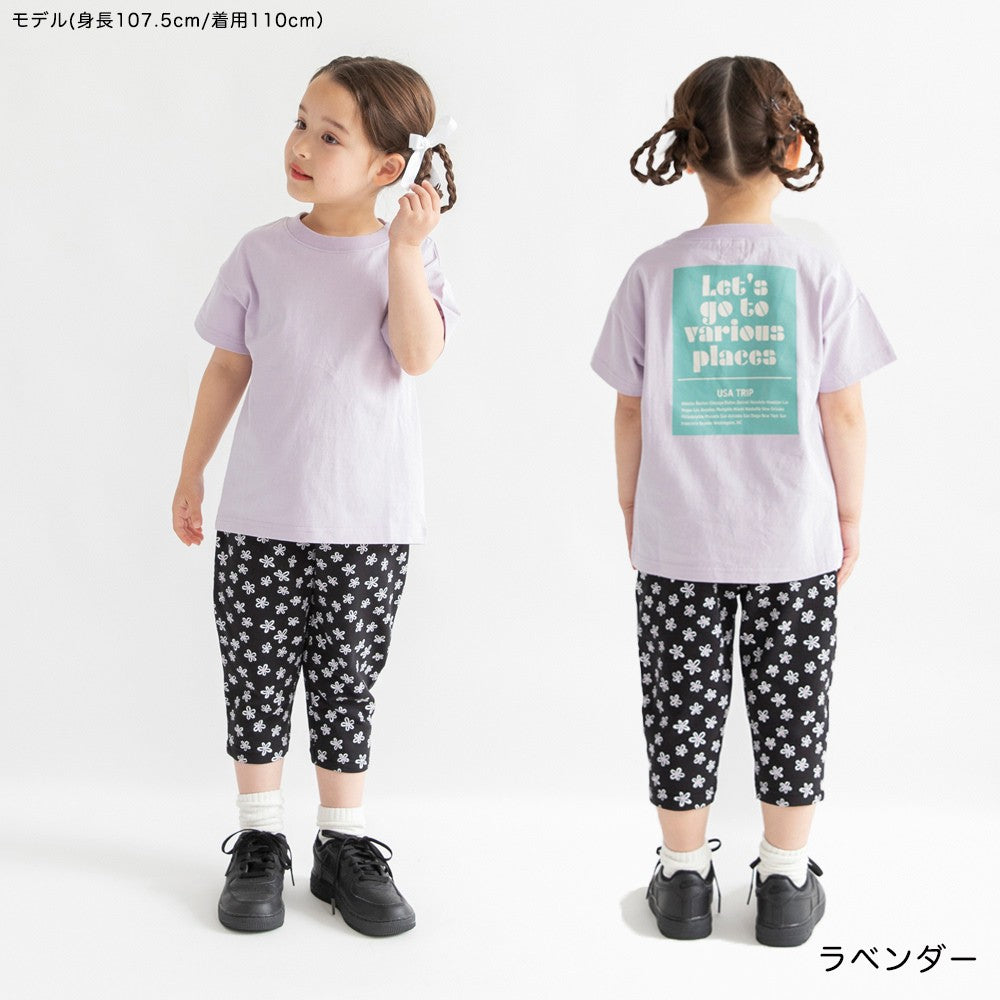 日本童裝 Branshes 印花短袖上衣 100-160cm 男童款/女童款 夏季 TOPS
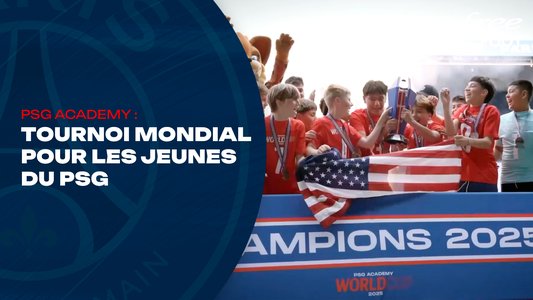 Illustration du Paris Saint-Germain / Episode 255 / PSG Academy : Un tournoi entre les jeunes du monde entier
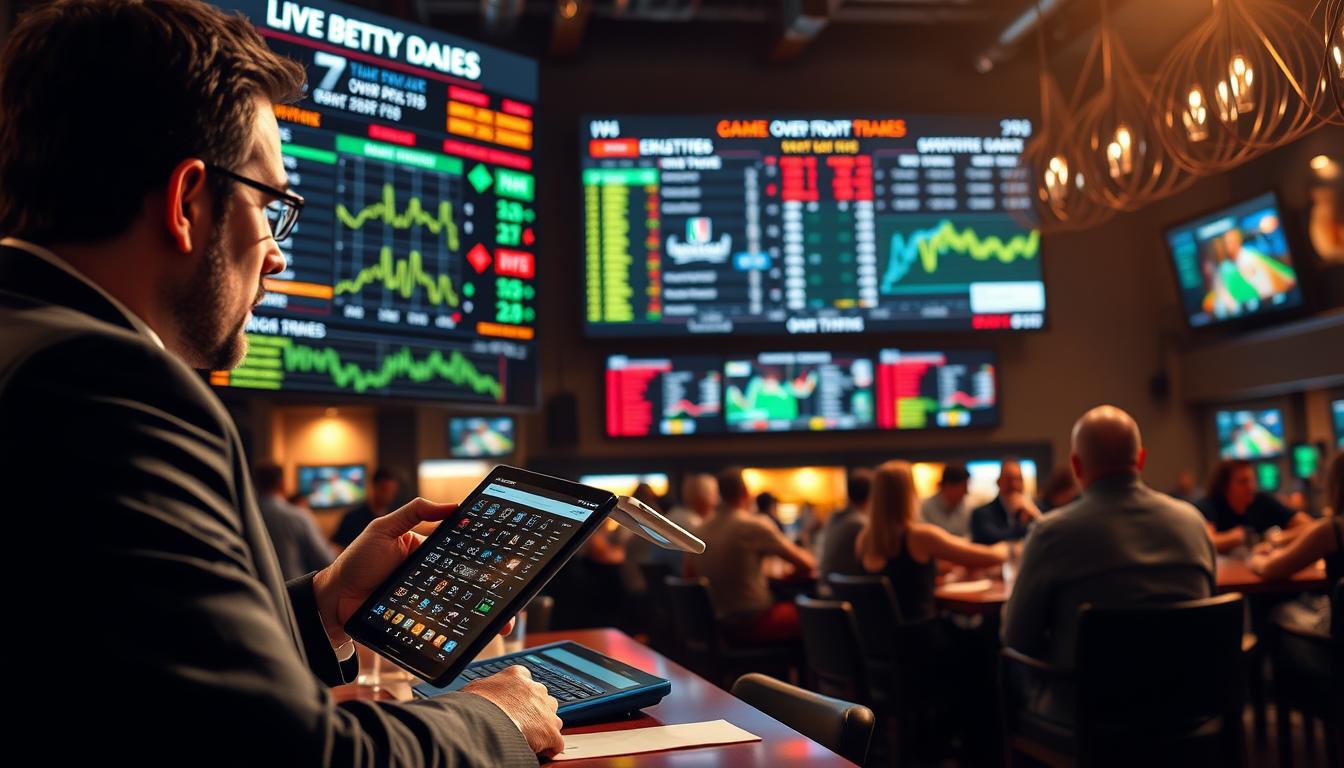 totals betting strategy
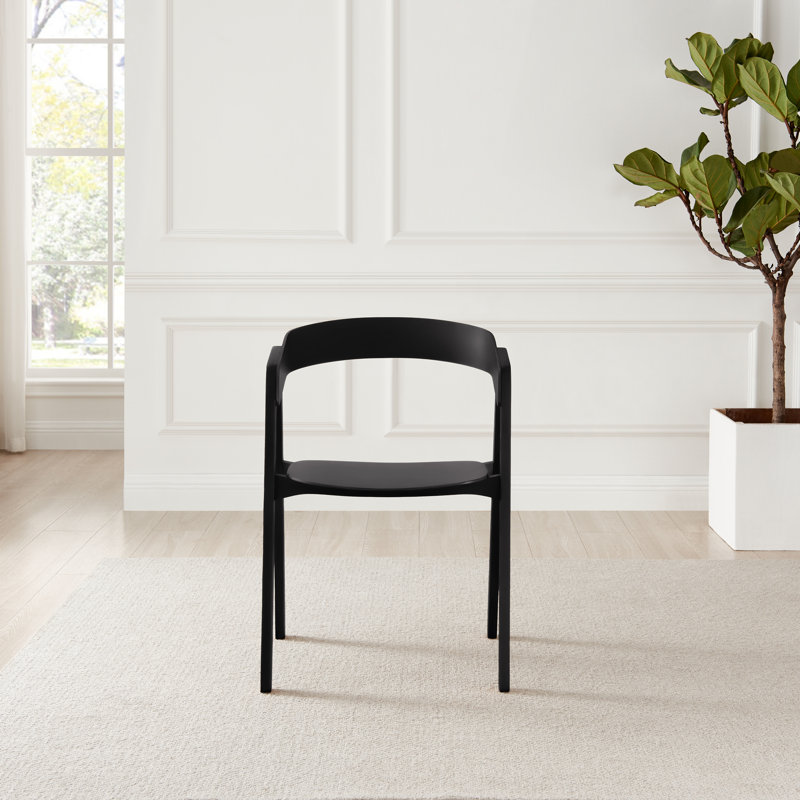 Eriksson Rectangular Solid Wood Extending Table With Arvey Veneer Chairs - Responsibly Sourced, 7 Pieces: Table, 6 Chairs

• • • • •

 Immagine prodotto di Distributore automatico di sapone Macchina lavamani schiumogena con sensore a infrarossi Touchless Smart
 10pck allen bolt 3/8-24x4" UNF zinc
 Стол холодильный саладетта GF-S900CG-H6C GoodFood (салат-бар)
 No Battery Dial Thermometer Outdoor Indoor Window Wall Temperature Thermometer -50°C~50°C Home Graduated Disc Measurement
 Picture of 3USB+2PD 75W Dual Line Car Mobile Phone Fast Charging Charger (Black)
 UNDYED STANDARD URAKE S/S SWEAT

• • • • •

Write out, from the lines above, only those from the line with "Picture of 3USB+2PD" to the line with "UNDYED STANDARD URAKE S/S SWEAT", exactly as given, including the first and the last.

- **Answer to the problem**:
 Picture of 3USB+2PD 75W Dual Line Car Mobile Phone Fast Charging Charger (Black)
 UNDYED STANDARD URAKE S/S SWEAT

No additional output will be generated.